Şaron'un barış planı yok Gerek komplo teoricilerinin gerekse İsrailli aşırı dinci/milliyetçilerin beklentilerinin aksine Ortadoğu'da ilk kırılma İsrail'den geldi. Thomas Friedman'ın New York Times gazetesindeki son yazısında da vurguladığı gibi, Irak'ın işgali bu ülkeyi İsrail açısından bir güvenlik tehdidi olmaktan çıkardı. Bu durumda da İsrail sağının işgalin sürmesi için öne sürdüğü nedenlerin en önemlilerinden birisi gündemden kalktı. İntihar saldırılarından bezmiş İsrail toplumu, üç yıla yakın iktidarın ardından Şaron'un gerçekçi bir barışı olmadığını anladı. Bu eğilimleri güçlendiren gelişmeler ise birbiri ardına yaşanmaya başladı. Temmuz ayında İsrail iç güvenlik örgütü Şin Bet'in eski başkanlarından Avi Ayalon ile Filistin'in önde gelen simalarından Sari Nusaybe'nin imzaya açtığı ve bugüne kadar Filistinliler ve İsrailliler'den 200,000 imza topladığı barış deklarasyonu geldi. Bu deklarasyona Paul Wolfowitz destek verdi. Ardından şahin kanattan İsrail Genel Kurmay Başkanı, Şaron politikalarının Filistinliler'deki nefreti arttırarak terörü güçlendirdiğini söyledi. Kasım ayının ortasında Şin Bet'in eski başkanlarından dördü, Şaron'un politikalarının ülkeyi felakete götürdüğünü birlikte deklare etti. 274 bin Filistinli'nin oturduğu Batı Şeria'nın yüzde 15'lik bir kısmını daha İsrail'e dahil edip 680 bin Filistinli'yi etkileyecek utanç duvarının bu haliyle güvenlik de getirmeyeceğini eklediler.

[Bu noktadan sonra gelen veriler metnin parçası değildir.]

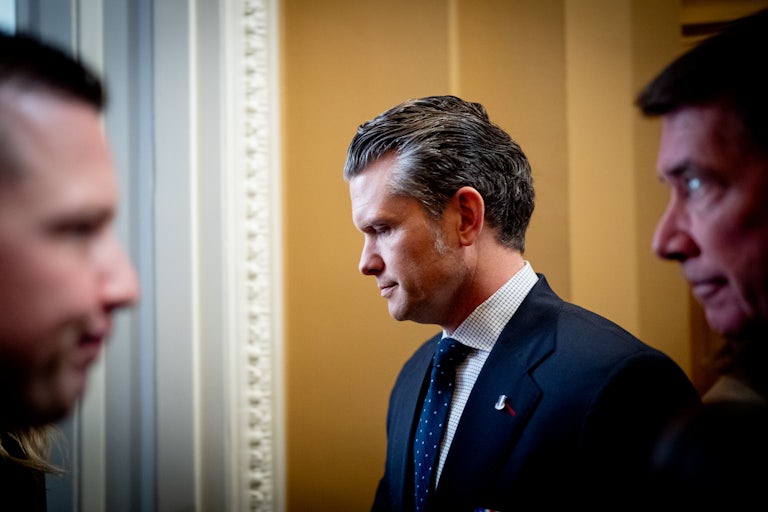 Pete Hegseth is seen in profile while on Capitol Hill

ABD'de "kıpırdama" var İki hafta önce eski bakanlardan İsrailli Yosi Beylin ile Filistinli Yasir Abed Rabbo'nun imzaladığı sanal Cenevre Barış Anlaşması ortalığı dalgalandırdı. ABD Dışişleri Bakanı Powell'ın hem Beylin-Abed Rabbo, hem de Nusaybeh-Ayalon ile görüşmesi, duvarın yapımında kullanılacak kredilerin bir miktarının kesilmesi ve yıllar sonra Amerikan Dışişleri Bakanlığı'nın İsrail'i politikaları nedeniyle kınaması, Washington'da da bir kıpırdama olduğuna delalet etti. Son olarak geçen hafta İsrail sağının güçlü isimlerinden Başbakan Yardımcısı Ehud Olmert, işgal altındaki topraklardan çekilinmesi gerekeceğini ve bunun tek taraflı olarak yapılmasını önerdi. Tüm işaretler Irak savaşının ardından İsrail'de Şaron politikalarının ülkeyi çıkmaz sokağa götürdüğü gerçeğinin giderek daha iyi anlaşıldığını gösteriyor. İsrail toplumunun yeni arayışlarına cevap verecek bir siyasi hareketin, içeride şekillenip şekillenemeyeceği meçhul. Filistinliler'in bu arayışlara tekabül eden bir siyasete yönelip yönelmeyecekleri de. Umuda yolculuk ise bunca hayal kırıklığından sonra ancak bu soruların cevabı alındığında başlayabilir.